[Start of Attachment]

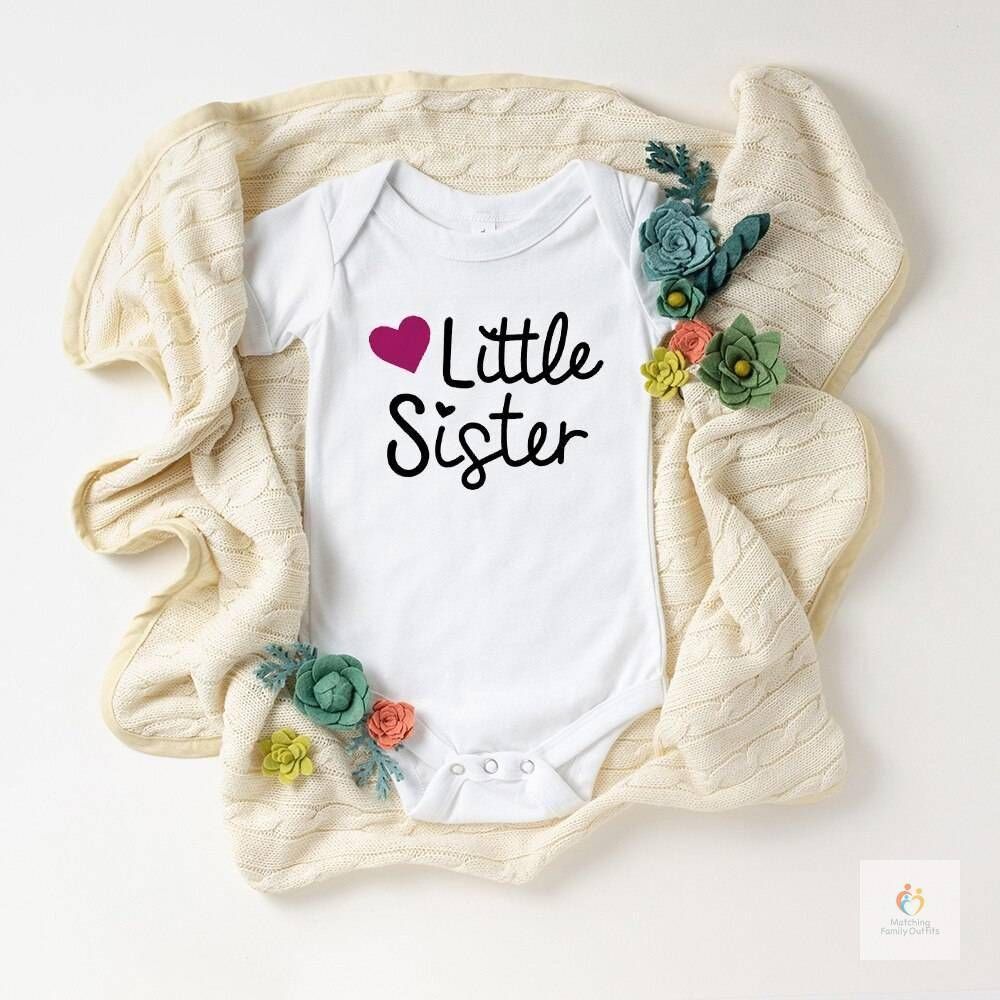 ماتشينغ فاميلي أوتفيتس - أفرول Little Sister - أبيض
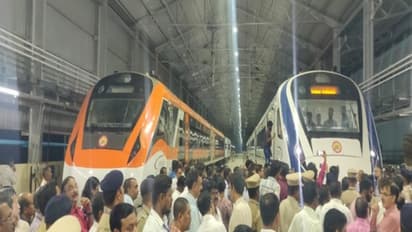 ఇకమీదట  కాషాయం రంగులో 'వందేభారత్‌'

[End of Attachment]
[Start of Attachment]

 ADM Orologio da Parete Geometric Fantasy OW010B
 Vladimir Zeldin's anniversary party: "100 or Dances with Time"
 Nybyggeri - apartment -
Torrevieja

[End of Attachment]
[Start of Attachment]

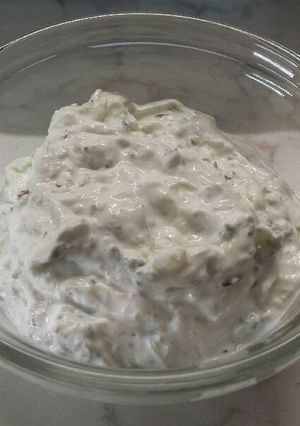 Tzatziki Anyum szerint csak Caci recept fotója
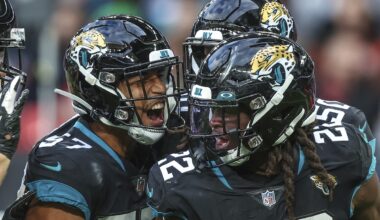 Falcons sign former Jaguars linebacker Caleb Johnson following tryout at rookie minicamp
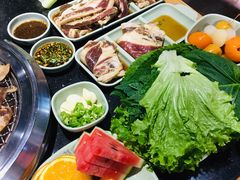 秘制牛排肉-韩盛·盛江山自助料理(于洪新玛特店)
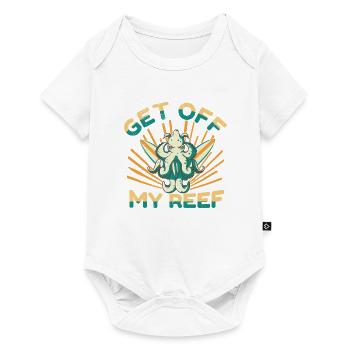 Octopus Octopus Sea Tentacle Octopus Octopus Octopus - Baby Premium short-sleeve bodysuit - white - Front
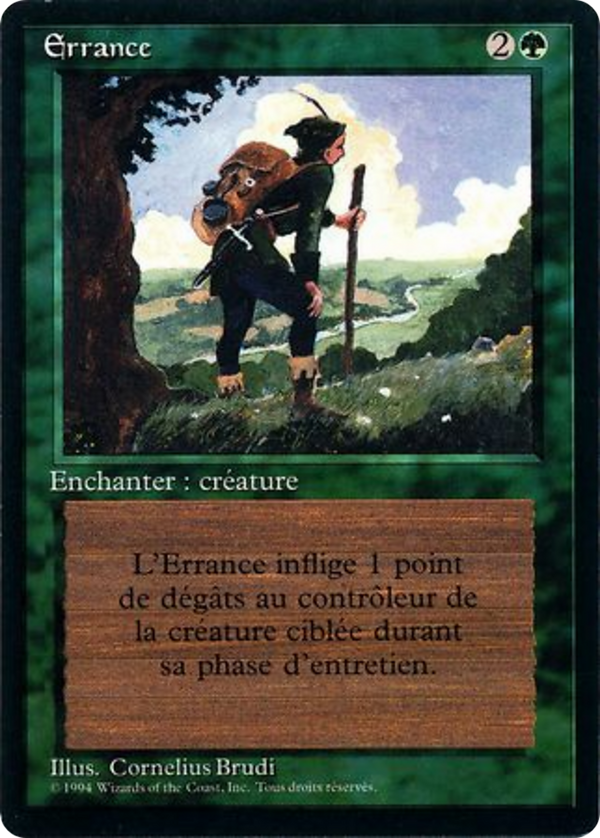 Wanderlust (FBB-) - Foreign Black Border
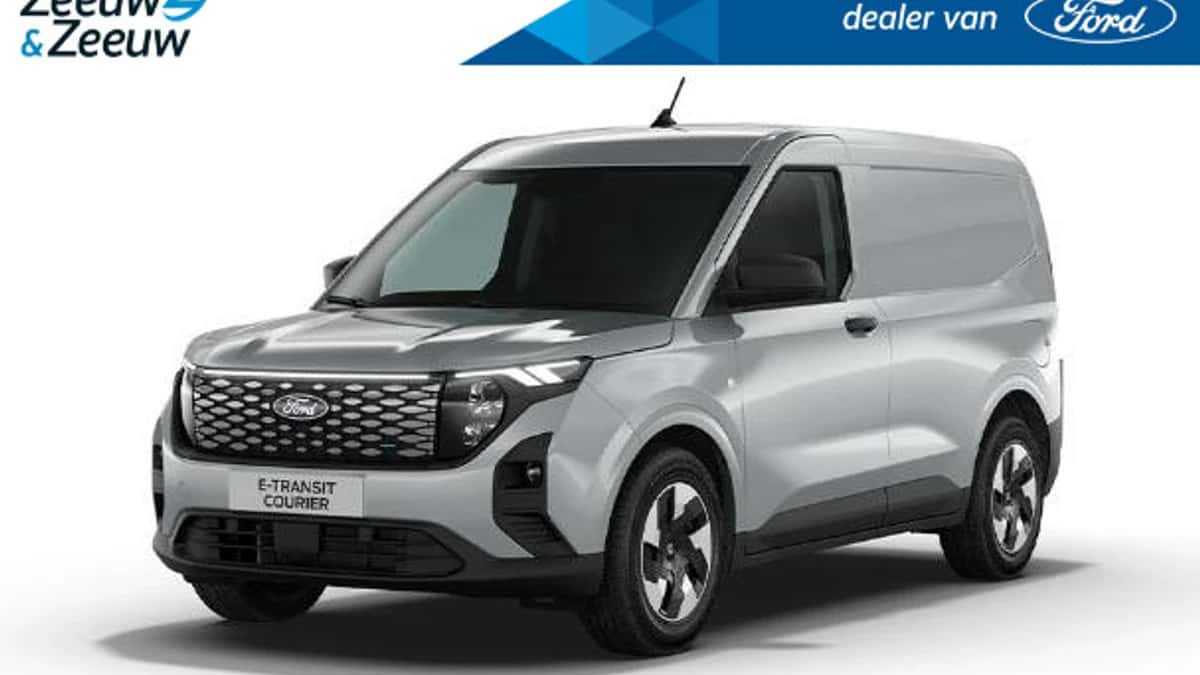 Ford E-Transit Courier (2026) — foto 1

[End of Attachment]

YOUR GOAL:
When you reach the line with "ماتشينغ فاميلي أوتفيتس" in the records above, start writing out each line exactly, and stop after the line with "ఇకమీదట  కాషాయం రంగులో 'వందేభారత్‌'". Pictures stay out.

SOLVED PROBLEM:
 ماتشينغ فاميلي أوتفيتس - أفرول Little Sister - أبيض
 ఇకమీదట  కాషాయం రంగులో 'వందేభారత్‌'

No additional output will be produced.